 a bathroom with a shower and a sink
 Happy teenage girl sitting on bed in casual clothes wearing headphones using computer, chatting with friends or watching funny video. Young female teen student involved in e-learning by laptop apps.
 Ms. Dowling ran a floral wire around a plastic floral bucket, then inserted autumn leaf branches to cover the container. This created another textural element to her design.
==
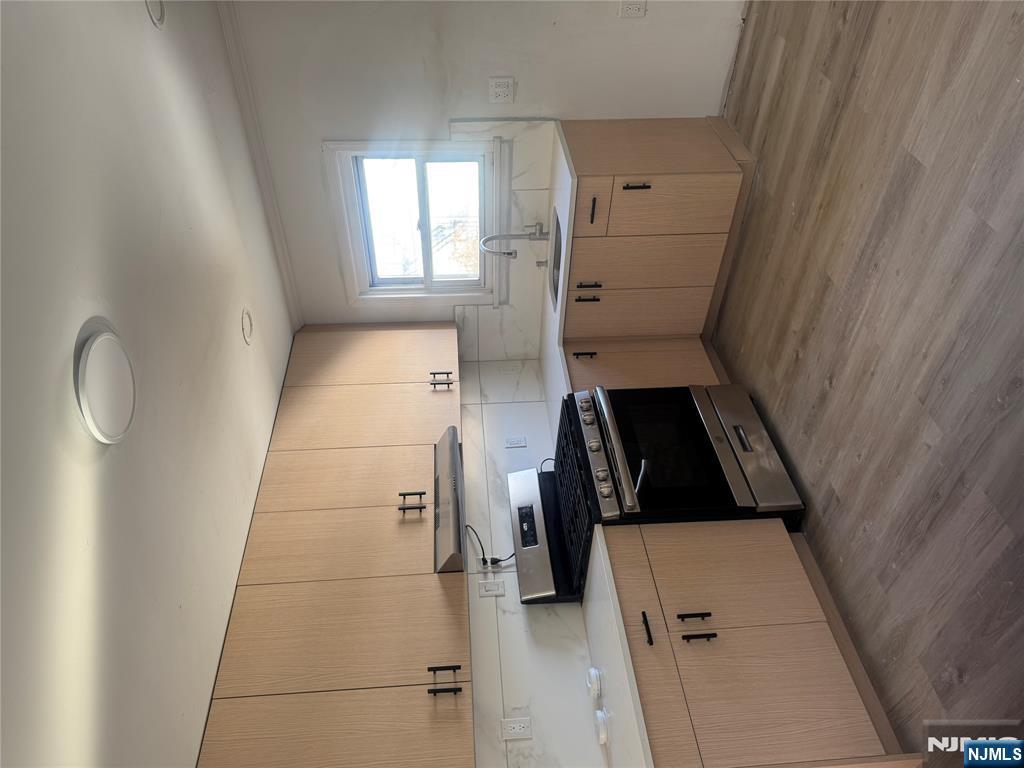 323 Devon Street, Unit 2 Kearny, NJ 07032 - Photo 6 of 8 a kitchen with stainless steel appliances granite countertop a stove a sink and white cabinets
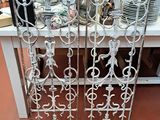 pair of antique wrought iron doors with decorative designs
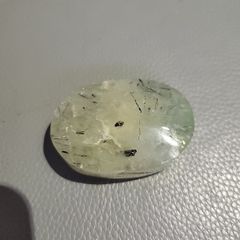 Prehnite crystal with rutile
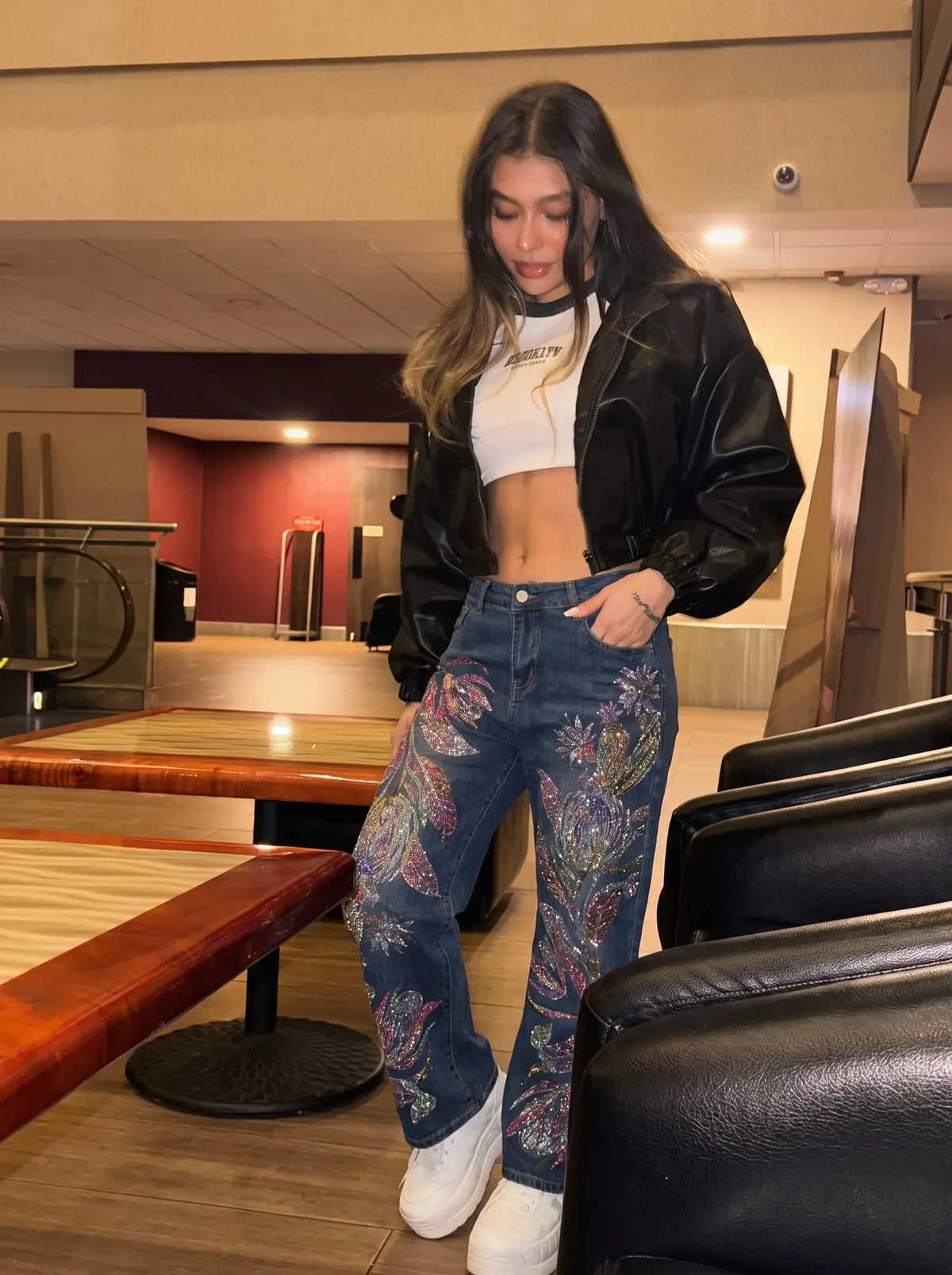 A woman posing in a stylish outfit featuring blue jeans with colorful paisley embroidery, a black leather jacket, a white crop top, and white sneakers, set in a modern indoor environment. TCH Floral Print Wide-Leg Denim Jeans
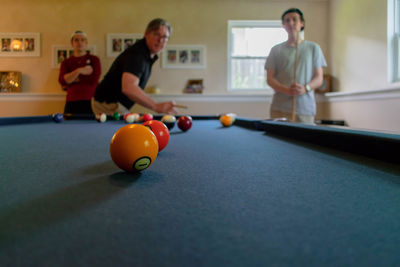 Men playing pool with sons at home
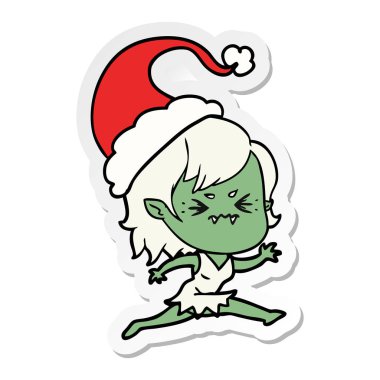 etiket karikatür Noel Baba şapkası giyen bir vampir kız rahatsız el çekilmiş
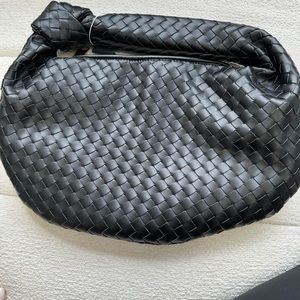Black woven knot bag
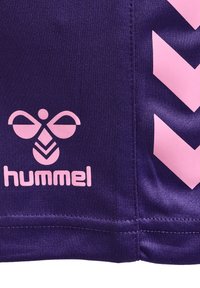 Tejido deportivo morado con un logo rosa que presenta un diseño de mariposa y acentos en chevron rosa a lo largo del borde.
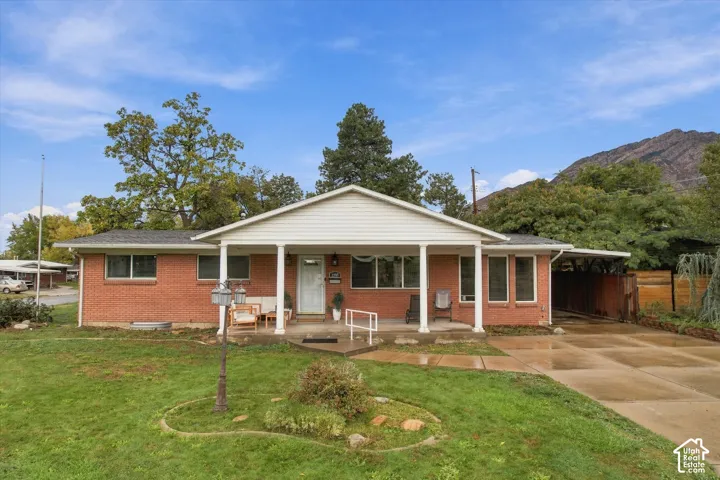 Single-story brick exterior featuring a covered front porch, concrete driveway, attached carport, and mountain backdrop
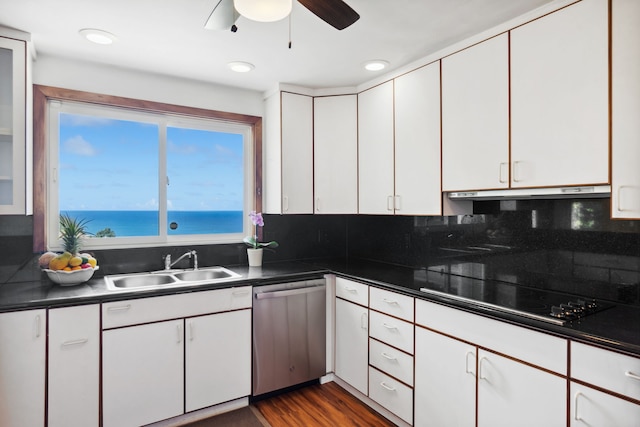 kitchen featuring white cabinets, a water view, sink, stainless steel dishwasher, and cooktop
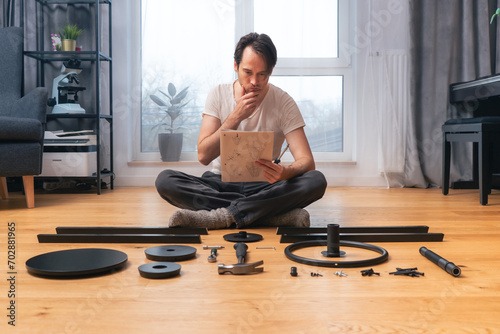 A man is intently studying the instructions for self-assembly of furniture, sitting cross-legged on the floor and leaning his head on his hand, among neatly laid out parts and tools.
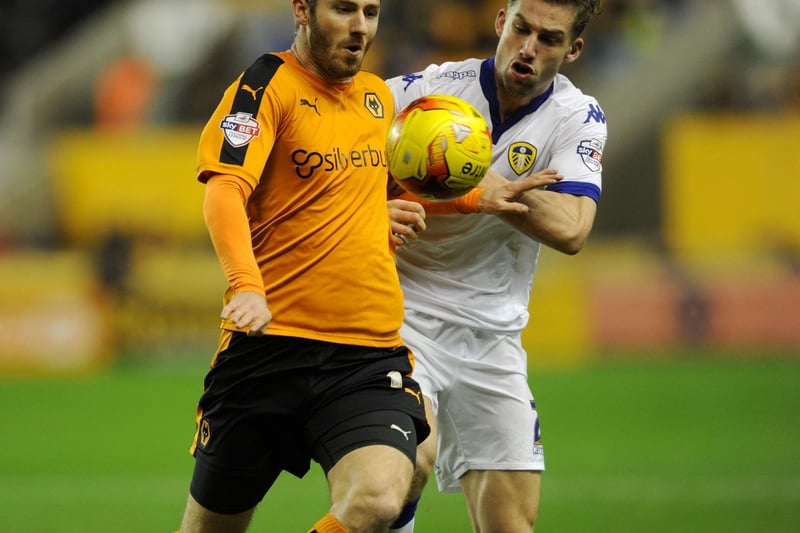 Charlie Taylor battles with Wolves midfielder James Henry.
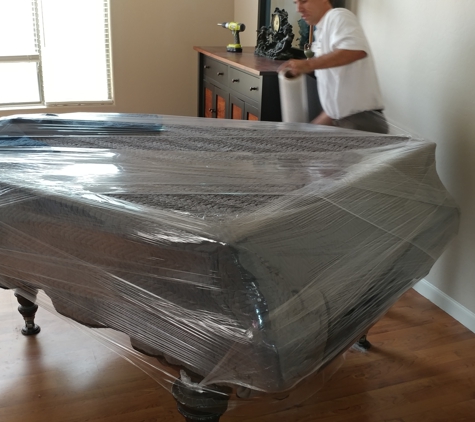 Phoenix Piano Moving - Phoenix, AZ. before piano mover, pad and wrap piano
--
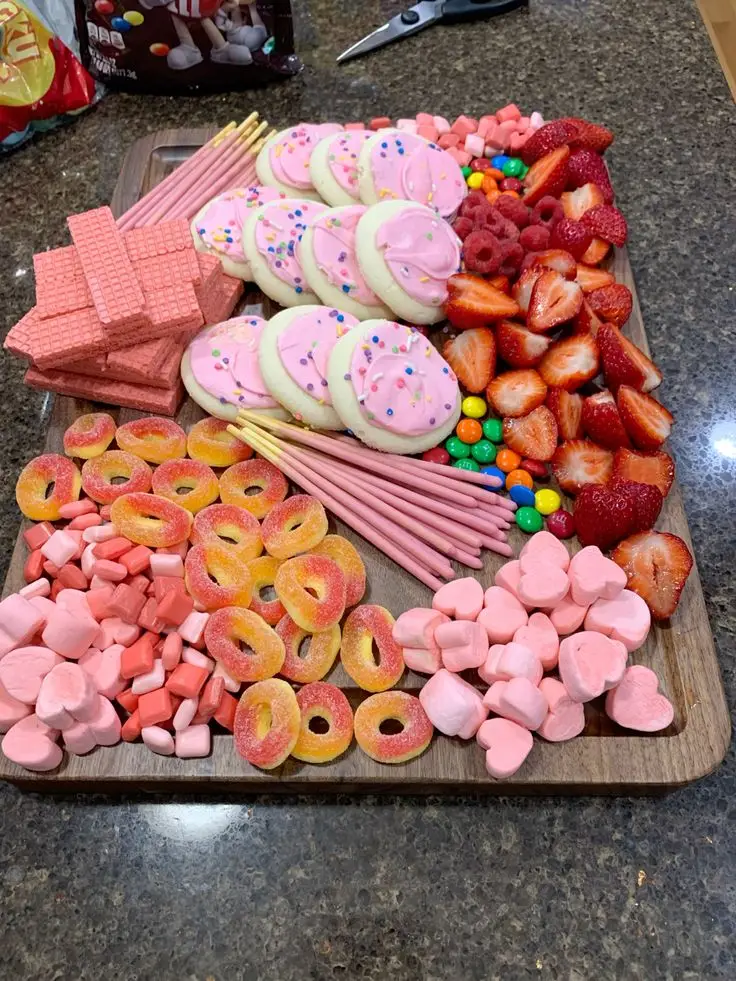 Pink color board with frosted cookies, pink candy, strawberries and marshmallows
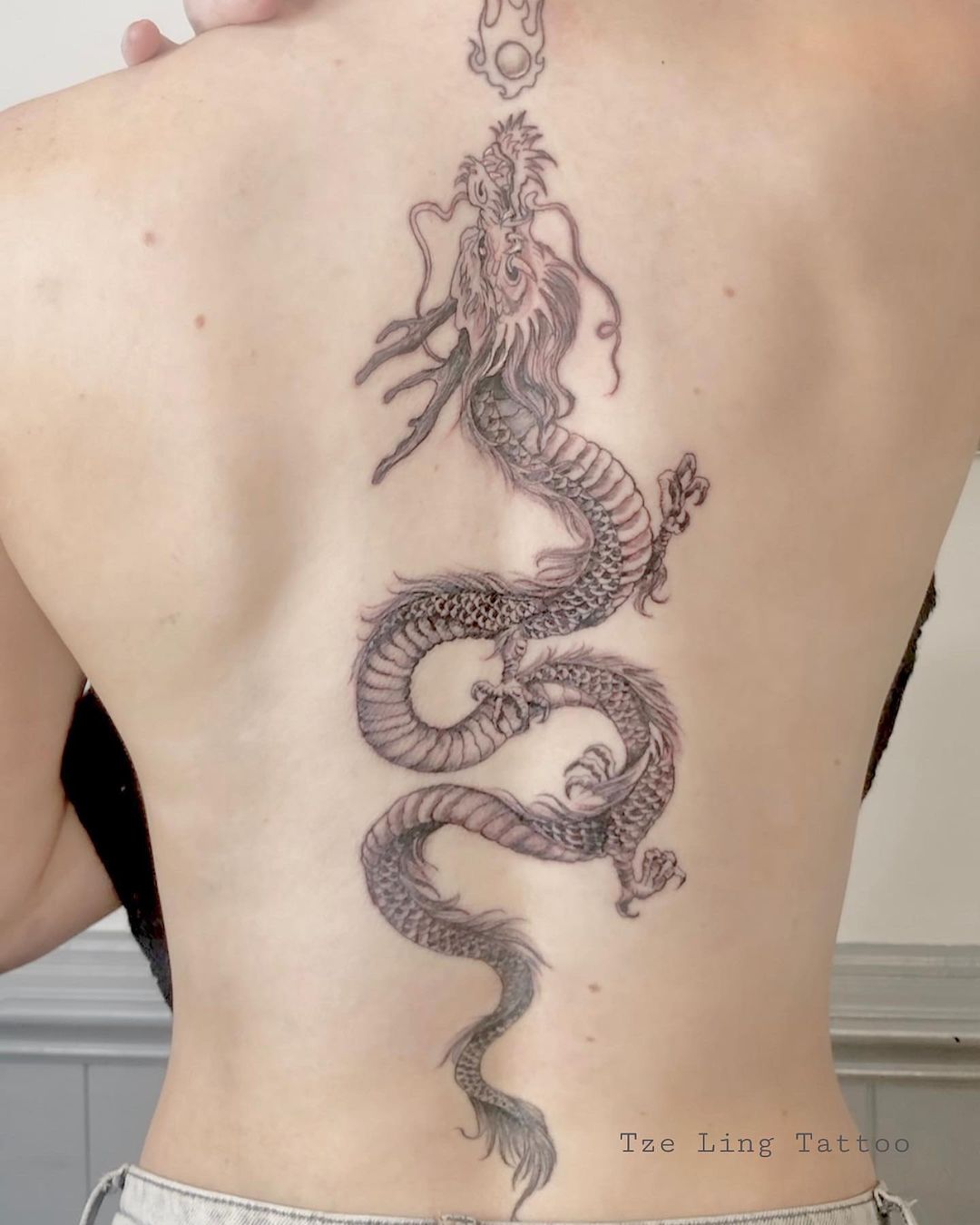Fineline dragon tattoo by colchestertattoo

• REQUIREMENT
Using the listing above, repeat word for word each line from the one with "Single-story brick exterior" down to the one with "Phoenix Piano Moving", both included. Omit all pictures.

• COMPLETED TASK
 Single-story brick exterior featuring a covered front porch, concrete driveway, attached carport, and mountain backdrop
 kitchen featuring white cabinets, a water view, sink, stainless steel dishwasher, and cooktop
 A man is intently studying the instructions for self-assembly of furniture, sitting cross-legged on the floor and leaning his head on his hand, among neatly laid out parts and tools.
 Charlie Taylor battles with Wolves midfielder James Henry.
 Phoenix Piano Moving - Phoenix, AZ. before piano mover, pad and wrap piano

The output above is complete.